See Note 8 to the Notes to our consolidated financial statements included in this Annual Report under the caption “Item 8—Financial Statements and Supplementary Data.”
Public Liability and Property Damage
The obligation for public liability and property damage on self-insured U.S. and international vehicles and equipment represents an estimate for both reported accident claims not yet paid, and claims incurred but not yet reported. The related liabilities are recorded on a non-discounted basis. Reserve requirements are based on rental volume and actuarial evaluations of historical accident claim experience and trends, as well as future projections of ultimate losses, expenses, premiums and administrative costs. The adequacy of the liability is regularly monitored based on evolving accident claim history and insurance related state legislation changes. If our estimates change or if actual results differ from these assumptions, the amount of the recorded liability is adjusted to reflect these results. Our actual results as compared to our estimates have historically resulted in relatively minor adjustments to our recorded liability.
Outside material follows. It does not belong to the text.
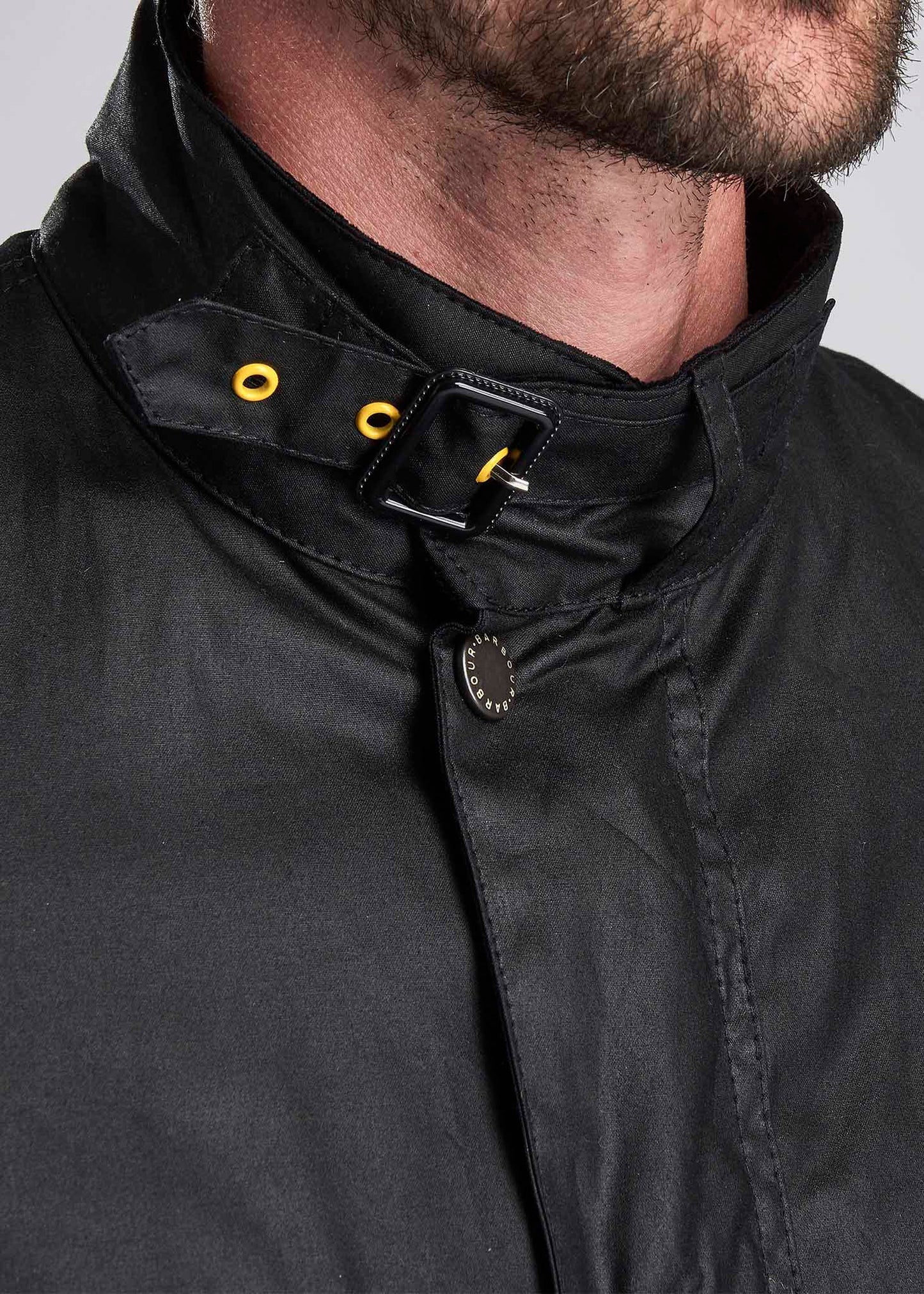 Slim international wax jacket - black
Pension Benefit Obligations
Our employee pension costs and obligations are dependent on our assumptions used by actuaries in calculating such amounts. These assumptions include discount rates, salary growth, long-term return on plan assets, retirement rates, mortality rates and other factors. Actual results that differ from our assumptions are accumulated and amortized over future periods and, therefore, generally affect our recognized expense in such future periods. While we believe that the assumptions used are appropriate, significant differences in actual experience or significant changes in assumptions would affect our pension costs and obligations. The various employee related actuarial assumptions (e.g., retirement rates, mortality rates, salary growth) used in determining pension costs and plan liabilities are reviewed periodically by management, assisted by the enrolled actuary, and updated as warranted. The discount rate used to value the pension liabilities and related expenses and the expected rate of return on plan assets are the two most significant assumptions impacting pension expense. The discount rate used is a market based spot rate as of the valuation date. For the expected return on assets assumption, we use a forward looking rate that is based on the expected return for each asset class (including the value added by active investment management), weighted by the target asset allocation. The past annualized long-term performance of the Plans' assets has generally been in line with the long-term rate of return assumption. See Note 6 to the Notes to our consolidated financial statements included in this Annual Report under the caption “Item 8—Financial Statements and Supplementary Data.” For a discussion of the risks associated with our pension plans, see “Item 1A—Risk Factors” in this Annual Report.
Goodwill
We review goodwill for impairment whenever events or changes in circumstances indicate that the carrying amount of the goodwill may not be recoverable, and also review goodwill annually. Goodwill impairment is deemed to exist if the carrying value of goodwill exceeds its fair value. Goodwill must be tested at least annually using a two-step process. The first step is to identify any potential impairment by comparing the carrying value of the reporting unit to its fair value. A reporting unit is an operating segment or a business one level below that operating segment (the component level) if discrete financial information is prepared and regularly reviewed by segment management. However, components are aggregated as a single reporting unit if they have similar economic characteristics. We estimate the fair value of our reporting units using a discounted cash flow methodology. The key assumptions used in the discounted cash flow valuation model for impairment testing include discount rates, growth rates, cash flow projections and terminal value rates. Discount rates are set by using the Weighted Average Cost of Capital, or “WACC,” methodology. The WACC methodology considers market and industry data as well as Company specific risk factors for each reporting unit in determining the appropriate discount rates to be used. The discount rate utilized for each reporting unit is indicative of the return an investor would expect to receive for investing in such a business. The cash flows represent management's most recent planning assumptions. These assumptions are based on a combination of industry outlooks, views on general economic conditions, our expected pricing plans and expected future savings generated by our past restructuring activities. Terminal value rate determination follows common methodology of capturing the present value of perpetual cash flow estimates beyond the last projected period assuming a constant WACC and low long-term growth rates. If a potential impairment is identified, the second step is to compare the implied fair value of goodwill with its carrying amount to measure the impairment loss. A significant decline in the projected cash flows or a change in the WACC used to determine fair value could result in a future goodwill impairment charge.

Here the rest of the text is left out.